In view of (2.2), we have \(\Gamma ^\star = \Lambda ^\star | H=\Lambda ^\star |{\varvec{b}}_n^\perp \). So there are vectors \({\varvec{b}}_i\in ({\varvec{y}}_i+\mathbb {R}{\varvec{b}}_n)\cap \Lambda ^\star \). For these vectors, one has \({\varvec{b}}_i^\perp \cap H = {\varvec{y}}_i^\perp \cap H\). By our assumption on K, this means

$$\begin{aligned} \#_\Gamma (K\cap ({\varvec{y}}_i^\perp +{\varvec{t}}_i)) = \#_\Lambda (K\cap ({\varvec{b}}_i^\perp +{\varvec{t}}_i)), \end{aligned}$$
(3.12)

for all \(1\le i\le n-1\). Moreover, \(\{{\varvec{b}}_1,\dots ,{\varvec{b}}_n\}\) is a \(\Lambda ^\star \)-basis, since

$$\begin{aligned} \det {({\varvec{b}}_1,\dots ,{\varvec{b}}_n)}&= \det {({\varvec{y}}_1,\dots ,{\varvec{y}}_{n-1}, {\varvec{b}}_n)}\\&= |{\varvec{b}}_n|\det \Gamma ^\star = \frac{|{\varvec{b}}_n|}{\det \Gamma }=\frac{|{\varvec{b}}_n|}{|{\varvec{b}}_n|\det \Lambda }=\det \Lambda ^\star . \end{aligned}$$

In view of (3.11) and (3.12), \(\{{\varvec{b}}_1,\dots ,{\varvec{b}}_n\}\) is the desired basis and our proof is complete. \(\square \)

Remark

If we just want to find linearly independent lattice points \({\varvec{a}}_i\in \mathbb {Z}^n\), \(1\le i\le n\), for the slices in Theorem 1.2 instead of a basis, then one can save one factor of n in the bounds of Theorem 1.2. To see this, we replace in the proof above the basis vectors \({\varvec{b}}_i\) by linearly independent lattice points \({\varvec{a}}_i\in \lambda _i(K^\star )K^\star \cap \mathbb {Z}^n\), \(1\le i\le n\). In this case we do not need the estimate (2.5). In particular this leads to

$$\begin{aligned} (\#K)^{({n-1})/{n}} < O(n) \max _{{\varvec{t}}\in \mathbb {Z}^n,{\varvec{u}}\in \mathbb {Z}^n\setminus \{{\varvec{0}}\}} \#(K\cap ({\varvec{t}}+{\varvec{u}}^\perp )). \end{aligned}$$
(3.13)

In the remainder of this section, we want to generalize (3.13) to the non-symmetric case.

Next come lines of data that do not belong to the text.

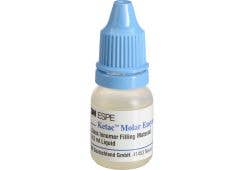 Ketac-Molar Easymix Flüssigkeit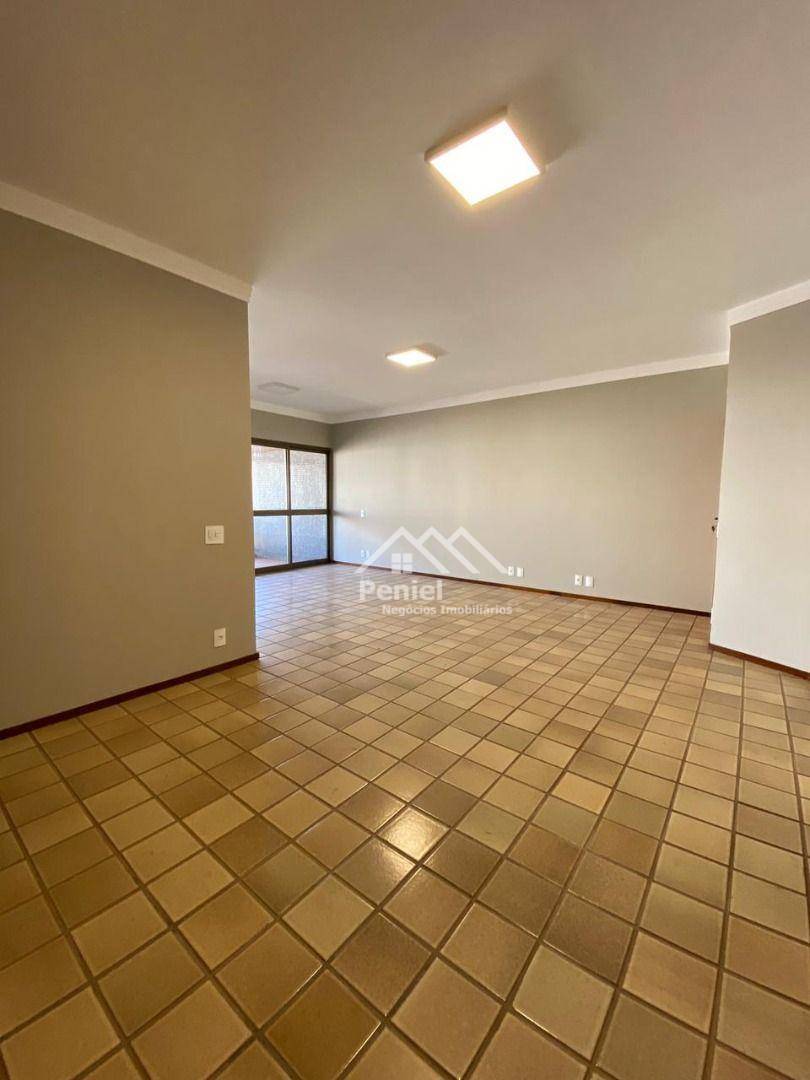 Apartamento, 3 quartos, 172 m² - Foto 3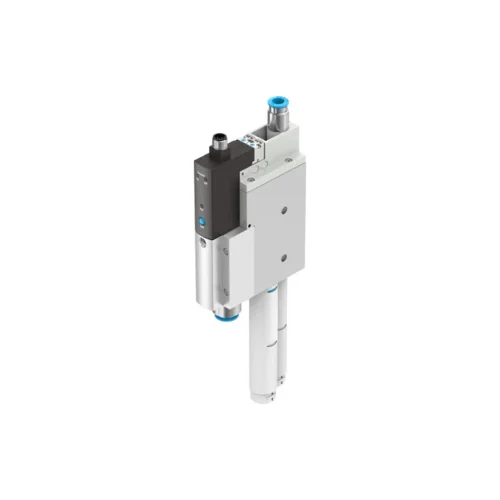 FESTO OVEM-20-H-C-QO-CE-N-1P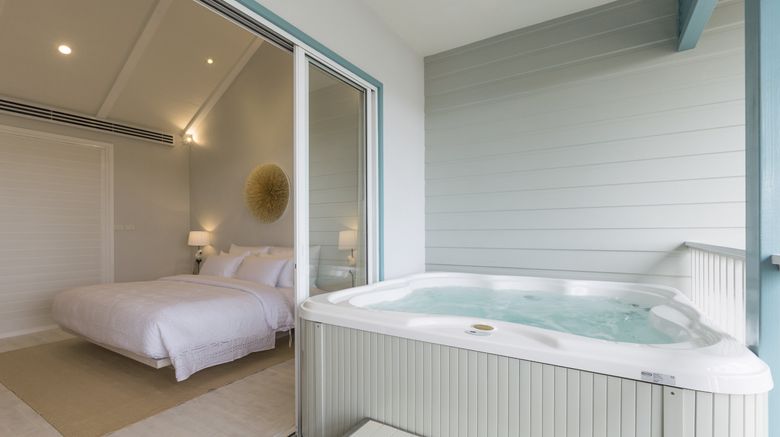 <b>Cape Kudu Hotel Suite</b>. Images powered by <a href="https://www.leonardoworldwide.com/" title="Leonardo Worldwide" target="_blank">Leonardo</a>.
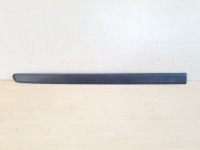 фото thumb №9, Opel zafira b молдинг дверь правый перед 13137826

If we consider (3.8), we see that we can also estimate \(\# K\), if K is not symmetric; in that case one replaces the factor \((2\lfloor \mathrm {h}(K,{\varvec{b}})\rfloor +1)\) on the right hand side by the number of hyperplanes parallel to \({\varvec{b}}^\perp \) that intersect K. As it will turn out, the challenge then is to compare the number of lattice points in \(K-K\) to the number of points in K.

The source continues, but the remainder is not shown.